(Short web captions):
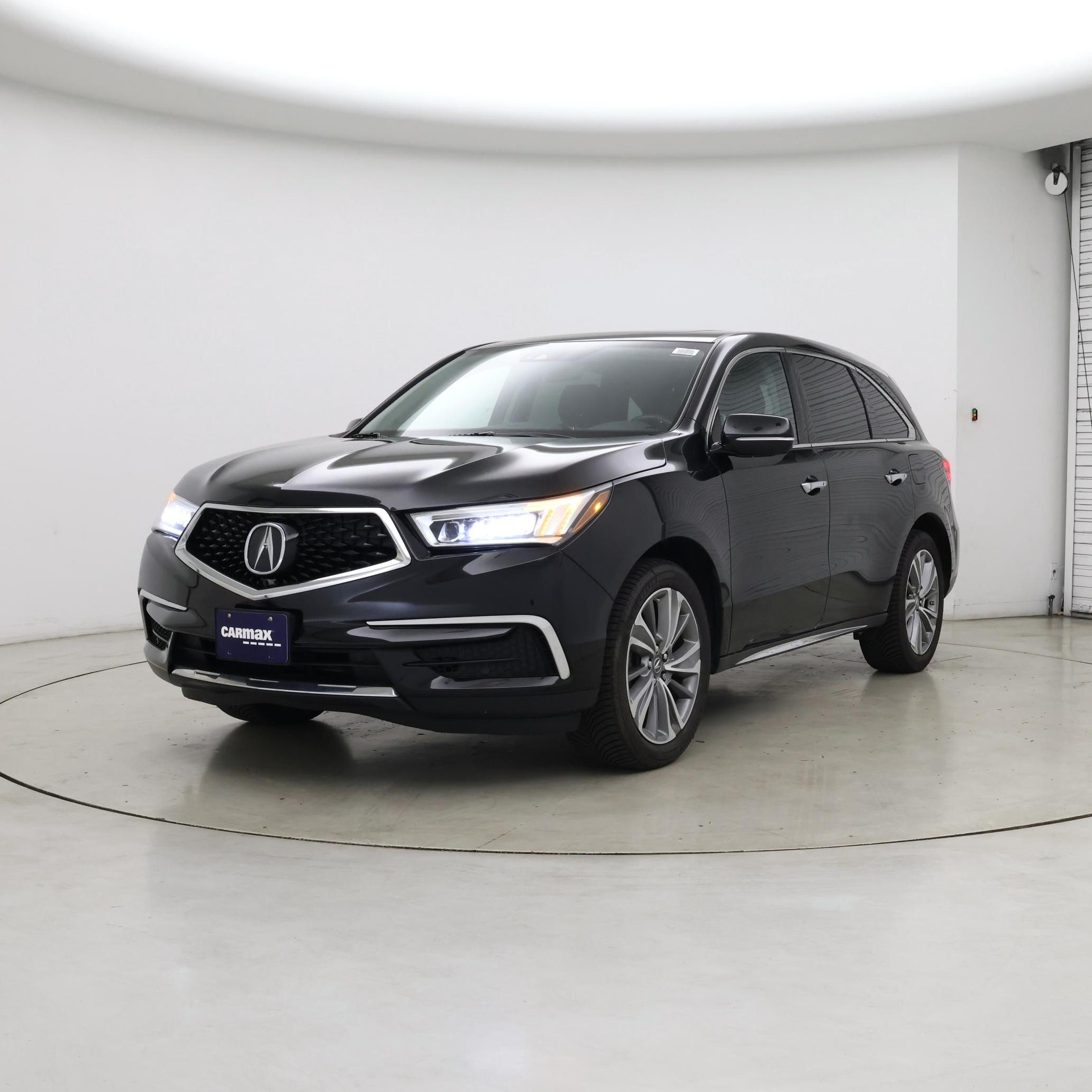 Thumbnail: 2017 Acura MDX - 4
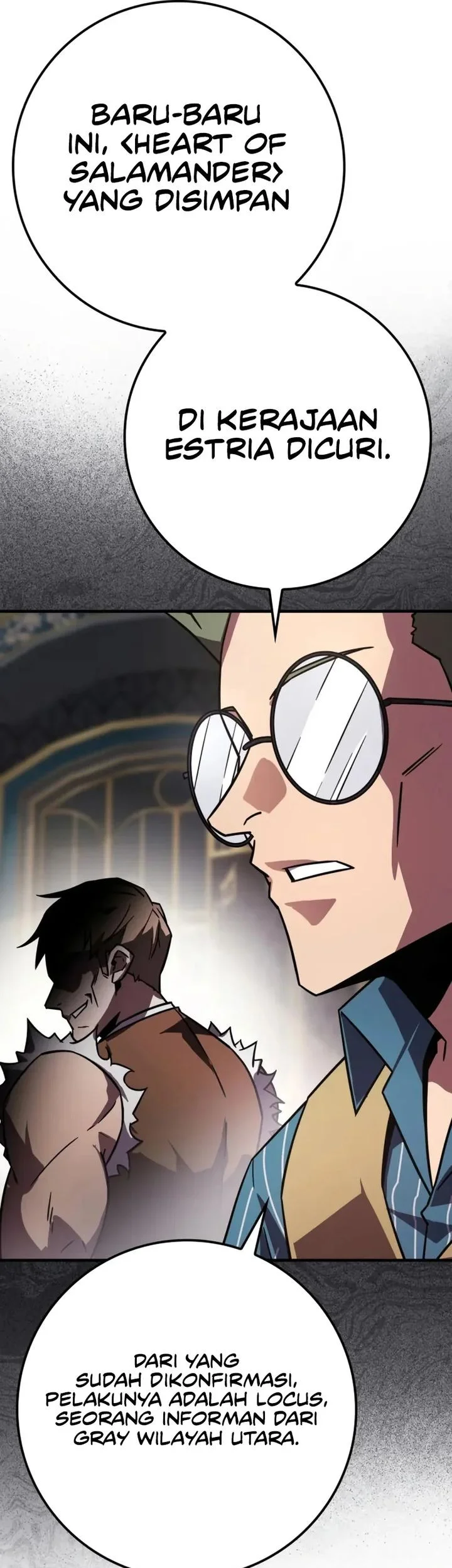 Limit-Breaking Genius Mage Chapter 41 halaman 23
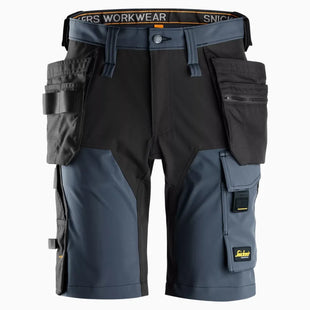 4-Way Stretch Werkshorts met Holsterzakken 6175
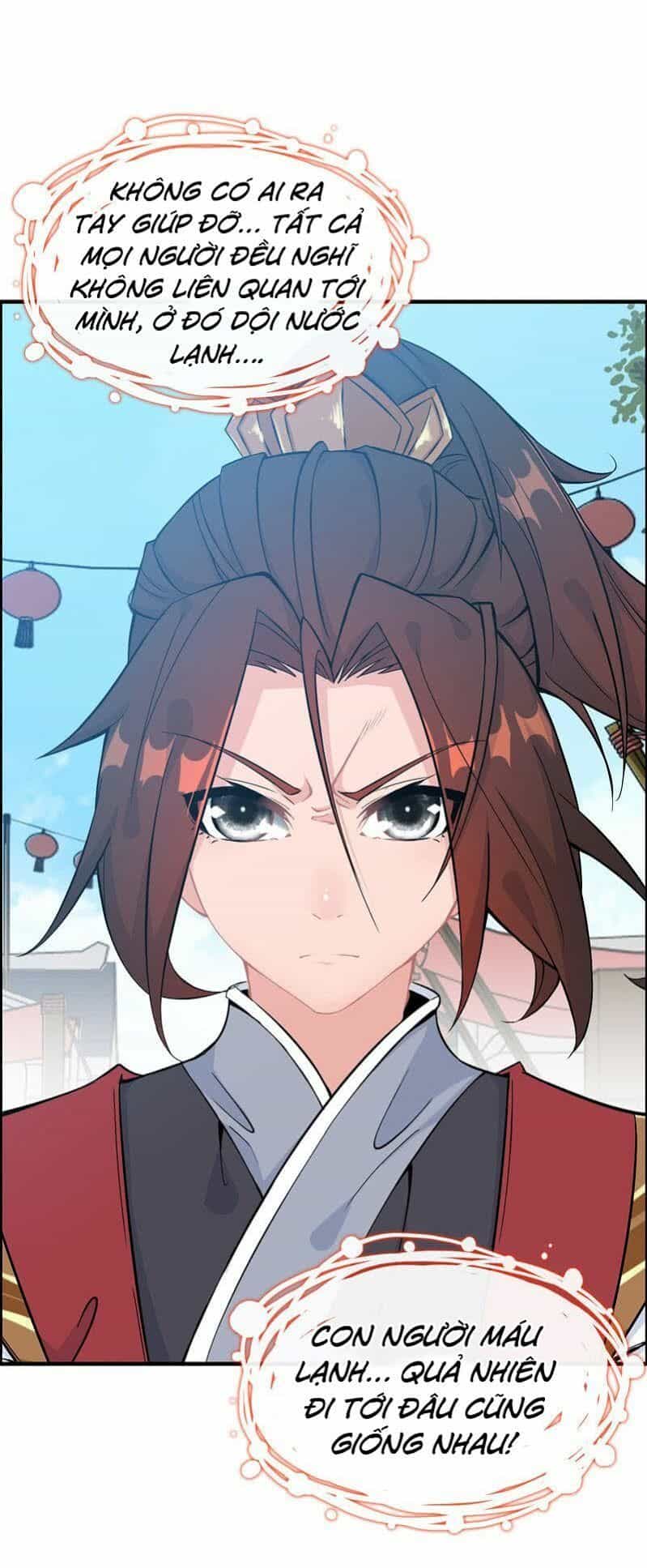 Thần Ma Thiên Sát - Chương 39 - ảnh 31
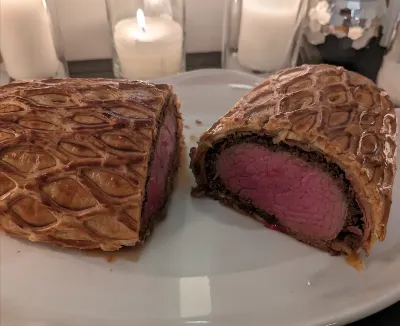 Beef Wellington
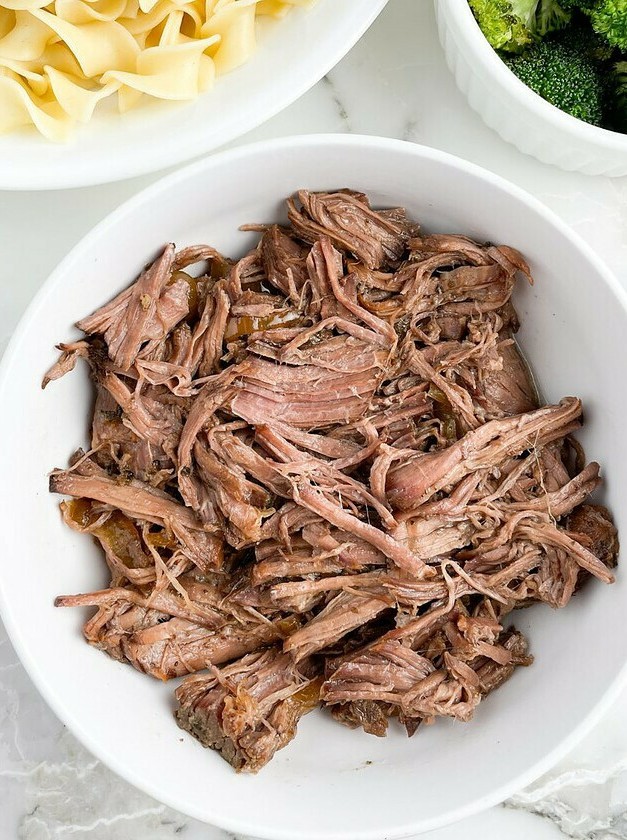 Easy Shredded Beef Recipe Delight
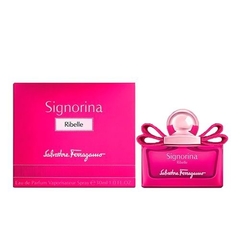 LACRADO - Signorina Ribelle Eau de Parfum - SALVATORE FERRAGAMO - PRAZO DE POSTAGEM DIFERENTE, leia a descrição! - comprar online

(Problem description): Apart from its pictures, the data is to be repeated exactly.

(Task solution):
 Thumbnail: 2017 Acura MDX - 4
 Limit-Breaking Genius Mage Chapter 41 halaman 23
 4-Way Stretch Werkshorts met Holsterzakken 6175
 Thần Ma Thiên Sát - Chương 39 - ảnh 31
 Beef Wellington
 Easy Shredded Beef Recipe Delight
 LACRADO - Signorina Ribelle Eau de Parfum - SALVATORE FERRAGAMO - PRAZO DE POSTAGEM DIFERENTE, leia a descrição! - comprar online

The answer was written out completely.